[[ The input, beginning ]]

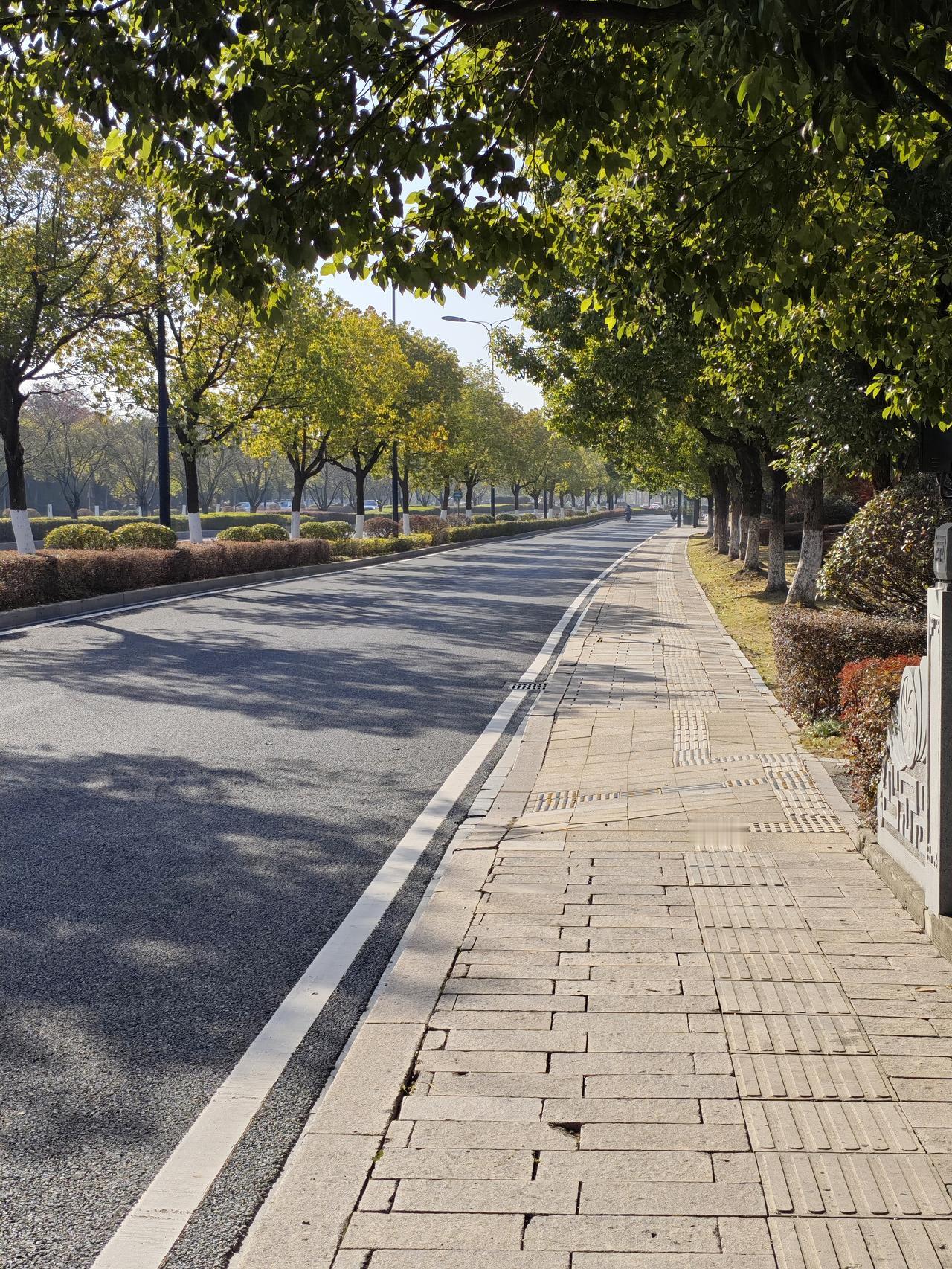 想问问
有多少人每天早出晚归 拼m挣钱
感受不到早上的暖阳
看不见晚上的落日
周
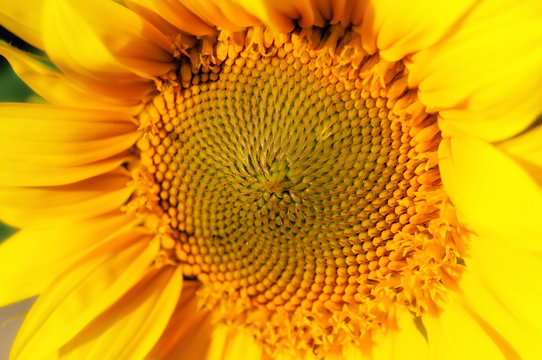 Yellow sunflower in summer, Bright sunflowers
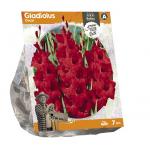 Baltus Gladiolus Oscar Gladiolen bloembollen per 7 stuks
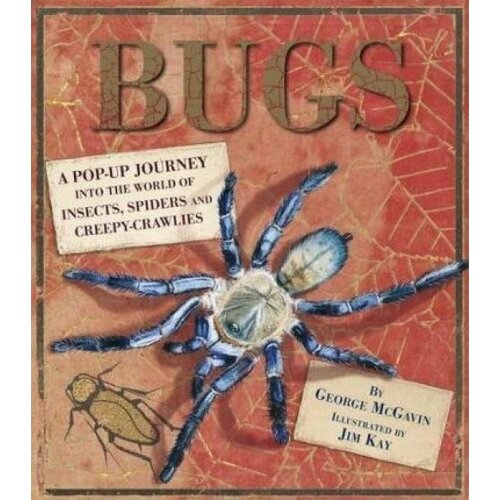 Bugs. A Pop-up Journey into the World of Insects, Spiders and Creepy-crawlies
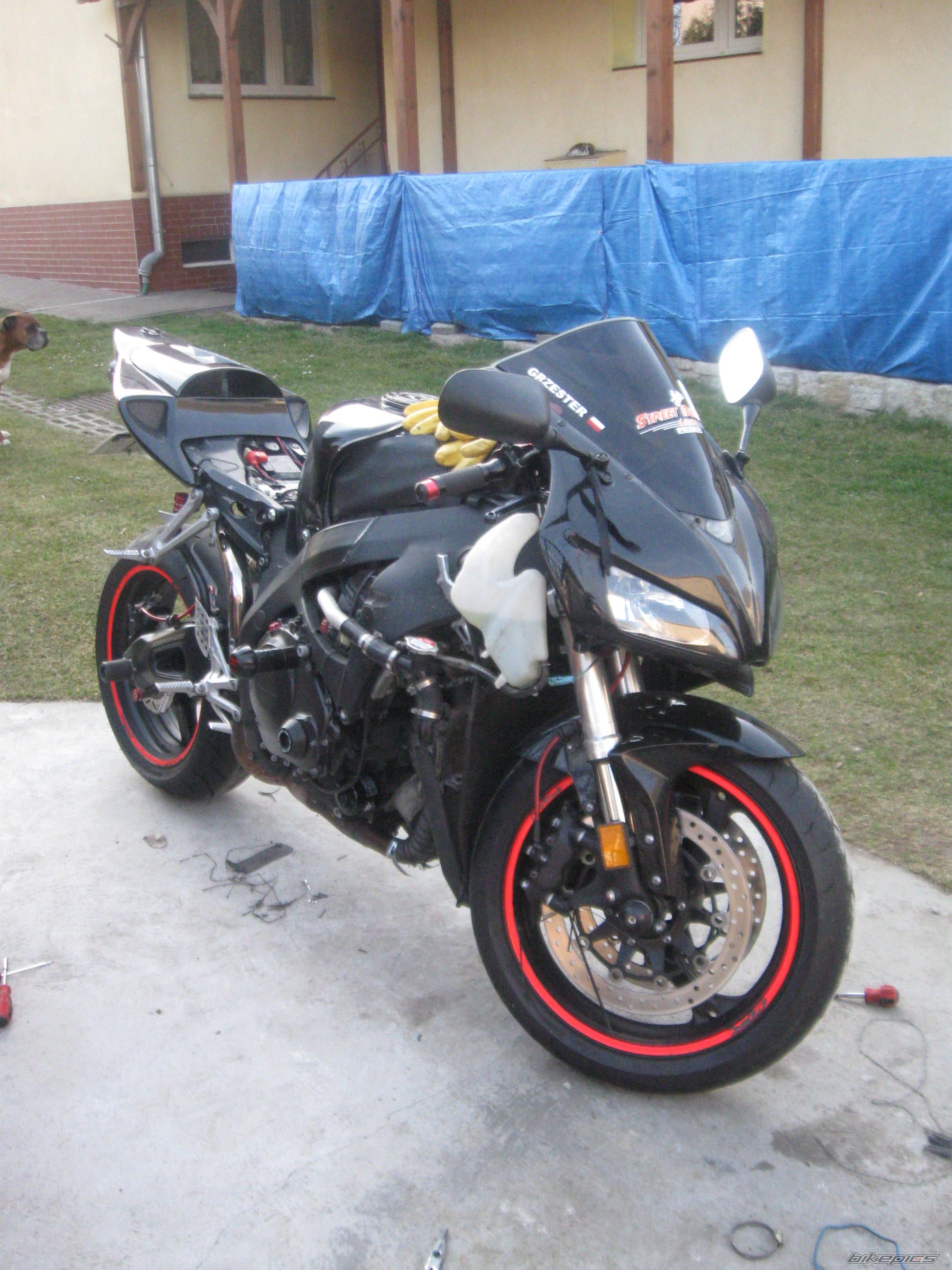 Photo 2649912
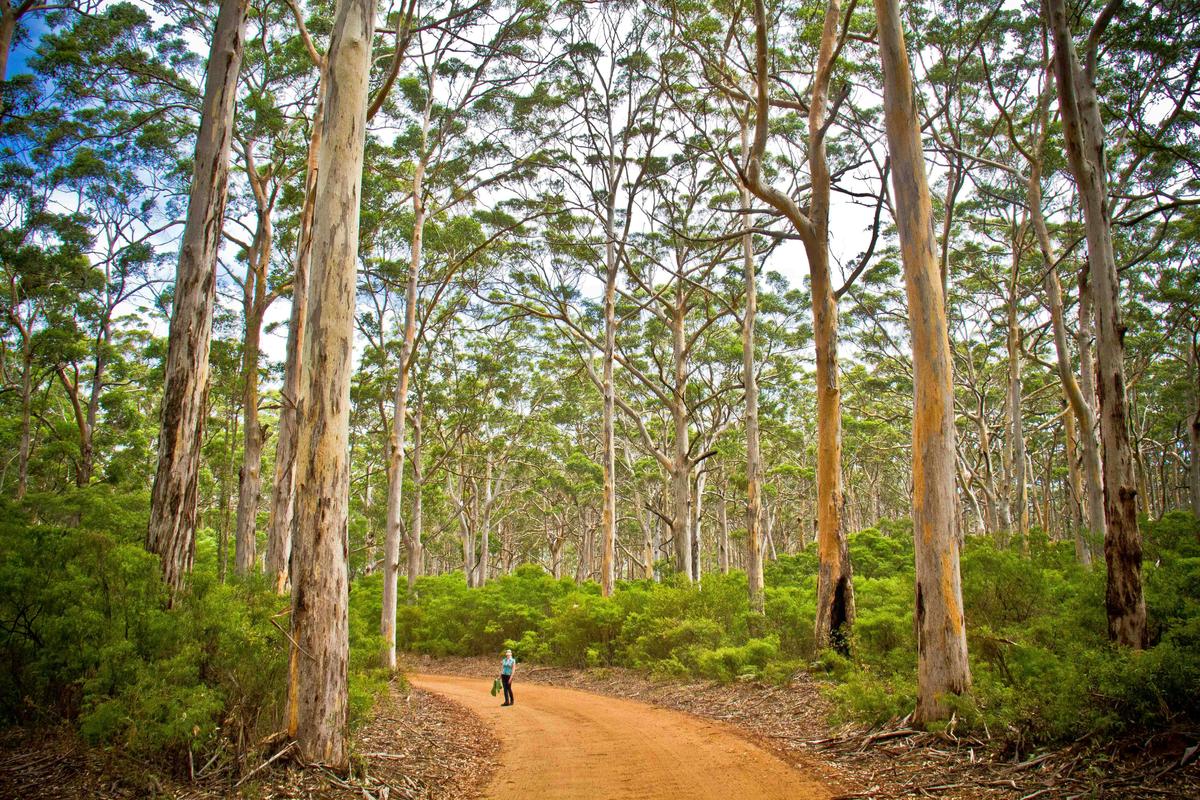 Experience the stunning Boranup Karri Forest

[[ The input, end ]]

● **Try it**
An exact copy is needed of the lines running from the one with "有多少人每天早出晚归 拼m挣钱" through the end of the data above, and of those lines only, without pictures.

● **Response for this exercise**
有多少人每天早出晚归 拼m挣钱
感受不到早上的暖阳
看不见晚上的落日
周
 Yellow sunflower in summer, Bright sunflowers
 Baltus Gladiolus Oscar Gladiolen bloembollen per 7 stuks
 Bugs. A Pop-up Journey into the World of Insects, Spiders and Creepy-crawlies
 Photo 2649912
 Experience the stunning Boranup Karri Forest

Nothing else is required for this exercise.